HP Cambridge Research Laboratory
Cambridge, Massachusetts, USA
Given the recent advances on video coding and streaming technology and the pervasiveness of video as a form of communication, there is currently a strong interest in the development of techniques for browsing, categorizing, retrieving, and automatically summarizing video. In this context, two tasks are of particular relevance: the decomposition of a video stream into its component units, and the extraction of features for the automatic characterization of these units. Unfortunately, current video characterization techniques rely on image representations based on low-level visual primitives (such as color, texture, and motion)  that, while practical and computationally efficient, fail to capture most of the structure that is relevant for the perceptual decoding of the video. As a result, it is difficult to design systems that are truly useful for naive users. Significant progress can only be attained by a deeper understanding of the relationship between the message conveyed by the video and the patterns of visual structure that it exhibits.

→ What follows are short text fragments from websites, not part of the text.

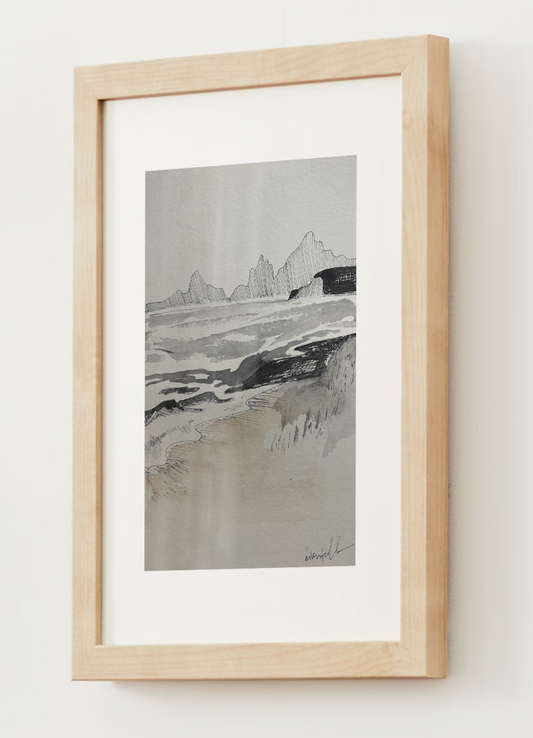 "Neutral Shoreline" Watercolor Print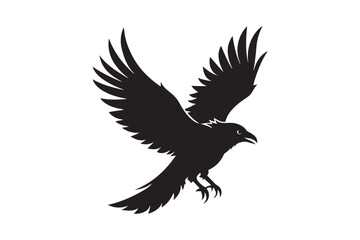 Raven silhouette  vector illustration, Raven silhouette  vector
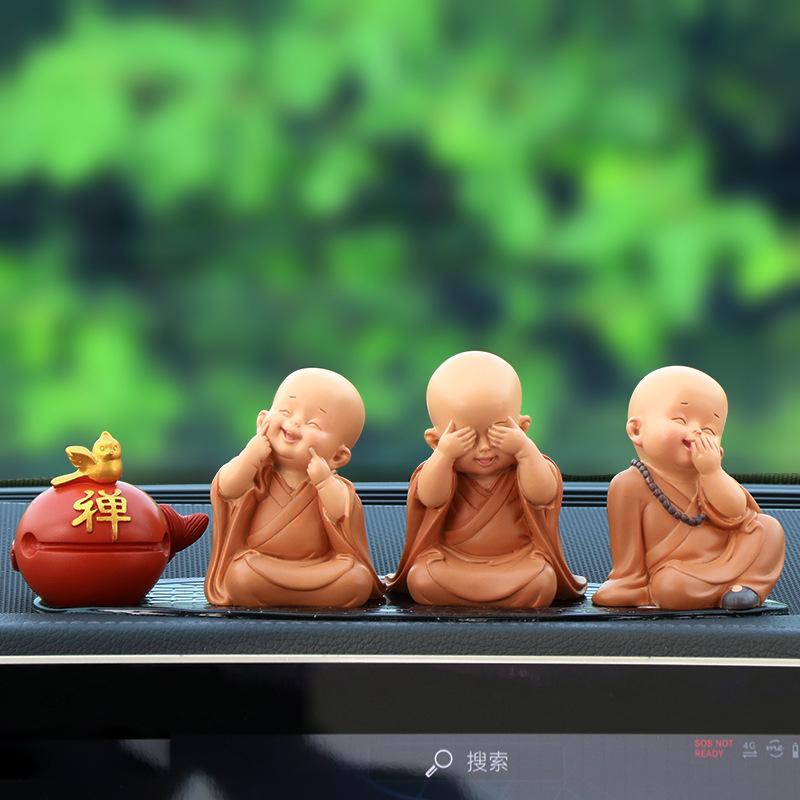 The  Ping An Little Monk Peaceful Little Monk Car Interior Decoration Buddha Zen Monastery Car Accories Str Relief M Driver S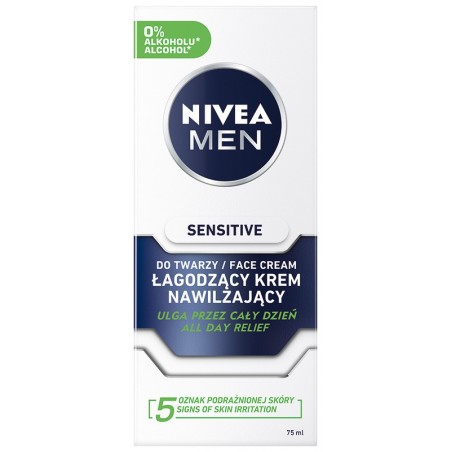NIVEA FOR MEN Sensitive Nawilżający krem do twarzy  75ml
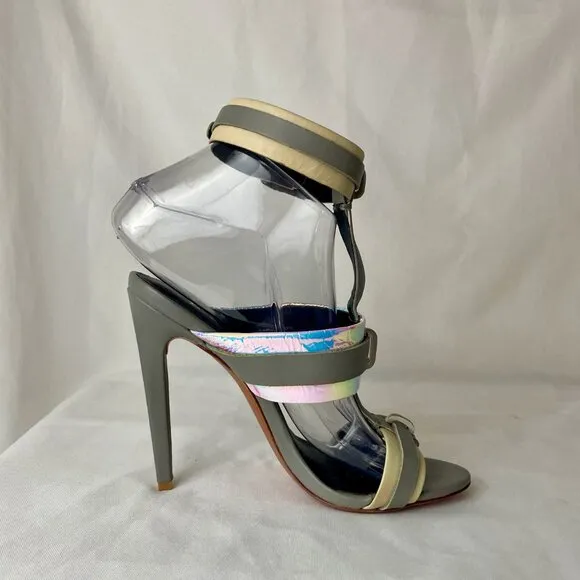 L.A.M.B. Stunning Metallic Iridescent Grey Ankle Buckle Stiletto Sandals 7.5 M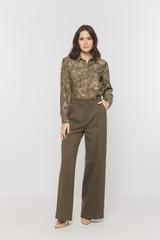 Oliwkowe eleganckie spodnie ze stębnowanym kantem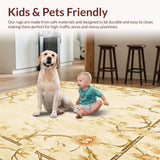 Timeless Area Faded Floral Scrollwork on a Warm Neutral Base(Beige)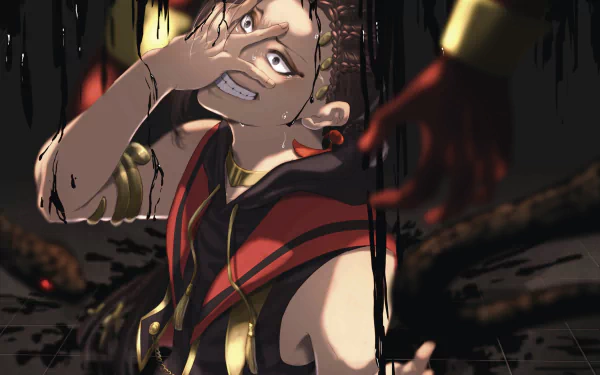 Jamil Viper (Twisted Wonderland) snarling with hand over one eye, shadowy hands and black drips encroaching — 4K Ultra HD PC desktop wallpaper, video game art.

There are various domains where these relationships have been thoroughly studied, albeit not always from a computational standpoint. For example, it is well known by film theorists that the message strongly constrains the stylistic elements of the video [2,3], which are usually grouped into two major categories: the elements of montage and the elements of mise-en-scene. Montage refers to the temporal structure, namely the aspects of film editing, while mise-en-scene deals with spatial structure, i.e., the composition of each image, and includes variables such as the type of set in which the scene develops, the placement of the actors, aspects of lighting, focus, camera angles, and so on.
Building computational models for these stylistic elements can prove useful in two ways: on one hand it will allow the extraction of semantic features enabling video characterization and classification much closer to that which people use than current descriptors based on texture properties or optical flow. On the other hand, it will provide constraints for the low-level analysis algorithms required to perform tasks such as video segmentation, key-framing, and so on.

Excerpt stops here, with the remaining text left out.